As important as it is to reach out to those we see every day, it is just as important to reach out to the countless jobless, hungry, homeless, addicted, abused and faithless people who don’t live in our neighborhood, work with us or attend our parish. Giving money is important, but showing up to help is an even more priceless gift-not only to the recipient of our generosity, but to us as well.
In closing, I would like to challenge all of us to sincerely attempt these 10 actions as we near Thanksgiving and Advent:
1. Help 2 people looking for a new job to meet people in your personal network who may be helpful.
2. Visit one sick person at their home or in the hospital over the holidays.
3. Call or send a card (or both!) to those people for whom you are truly thankful and share with them how grateful you are to have them in your life.
4. Adopt a needy family and make their lives better with what you can share this Christmas.
5. Work at a soup kitchen or visit a retirement home with your family.
6. Make a donation of used clothing, toys, books or other old, but useful items over the holidays. Our discarded items may be treasures to someone in desperate need.
7. Practice “active listening” with your friends, fellow parishioners and work colleagues. Get beneath the surface and understand their personal challenges a little better.
8. Pray every day for those who are struggling.
9. Let’s take the time to teach our children about stewardship and helping others. One day they will do as adults what they learn in these formative years.
10. Invite someone who has fallen away from the Church to mass or any of the numerous special holiday events being held in your parish community. Please remember to extend the invitation with love, not judgment!

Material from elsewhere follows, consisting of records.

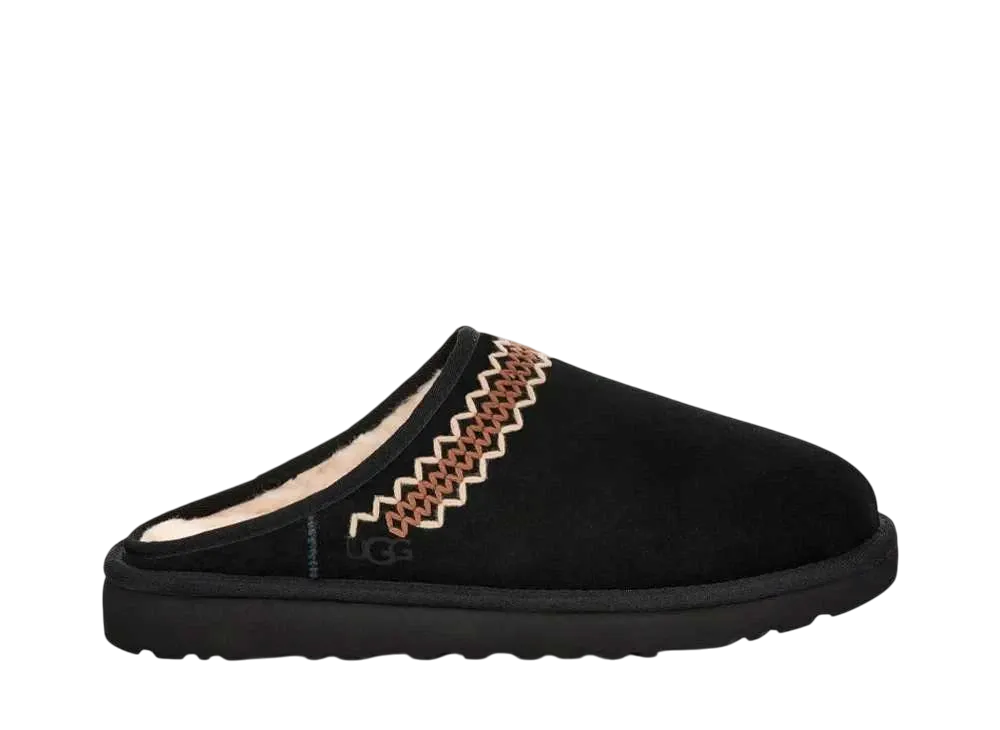 アグ クラシック スリッポン アサーソン "ブラック"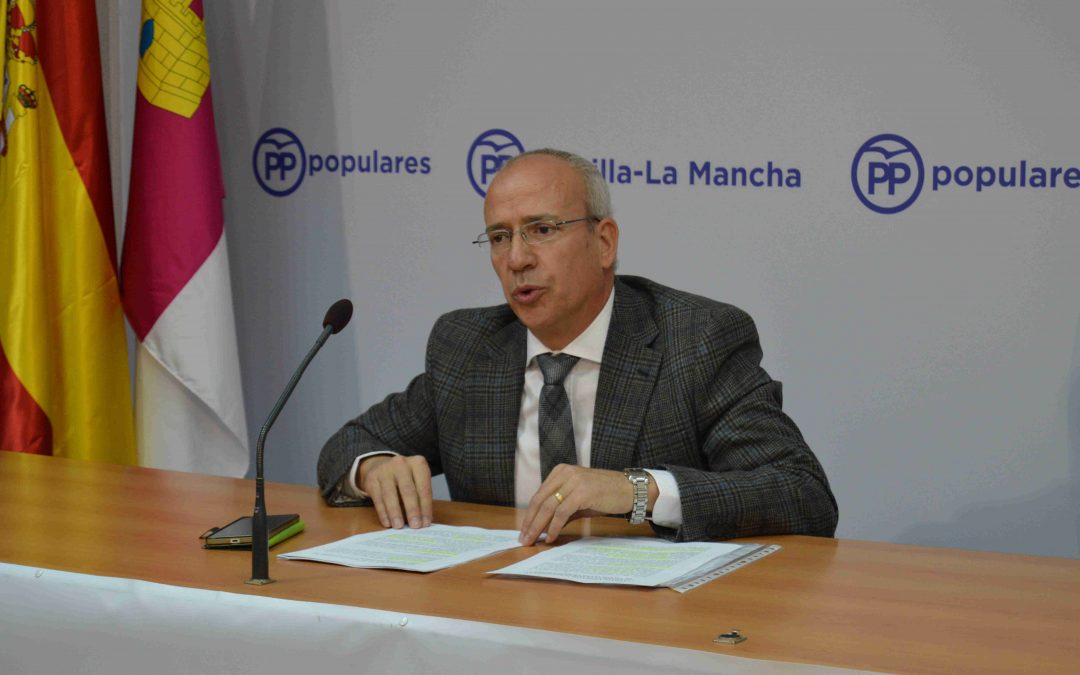 El Grupo Popular denuncia que Gutiérrez ha dado a municipios gobernados por el PSOE el 87% de los fondos para convenios
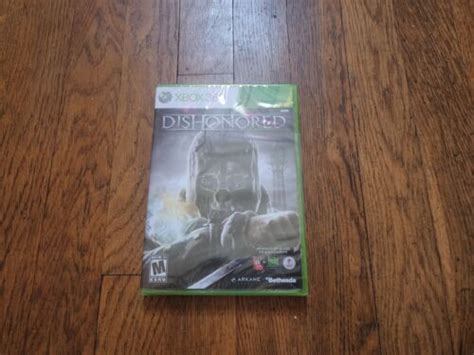 Dishonored Microsoft Xbox Brand New Factory Sealed Cib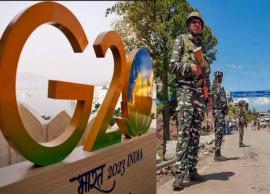 ஸ்ரீநகரில் ஜி20 பணிக்குழு கூட்டம் இன்று தொடக்கம்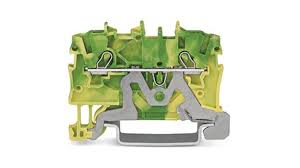 Wago 2000-1207 ATEX 1mm Push In Terminal Earth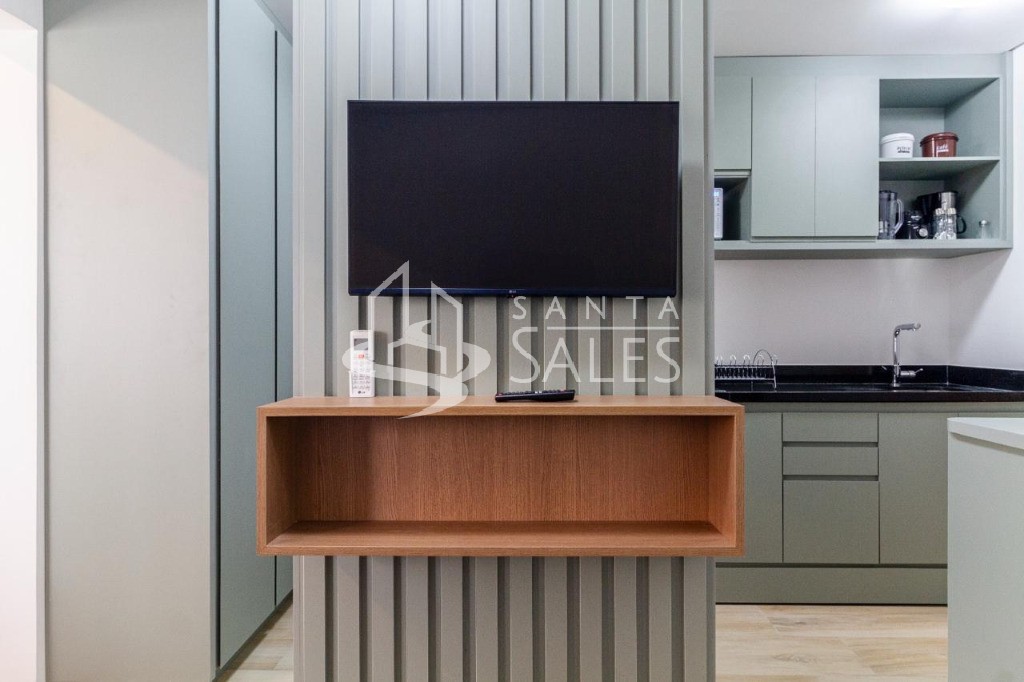 Apartamento, 1 quarto, 27 m² - Foto 2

Thanksgiving is drawing near and soon after we begin Advent. It is a time to gather with family and friends, be thankful for what we have and celebrate the birth of Christ. As many of us work through personal struggles, it is a good time to keep the focus on the Lord and helping others. Do not succumb to the retail and media fueled materialism that is so rampant-buying things we can’t afford will only bring short lived happiness and more debt! Let’s all keep it simple this year, make the holidays about Christ, spend time with family and friends and absolutely expand our hearts by helping those in need wherever we may find them. In the end, the help we provide to others becomes a grace filled gift…to us.
God bless you, Happy Thanksgiving and Merry Christmas!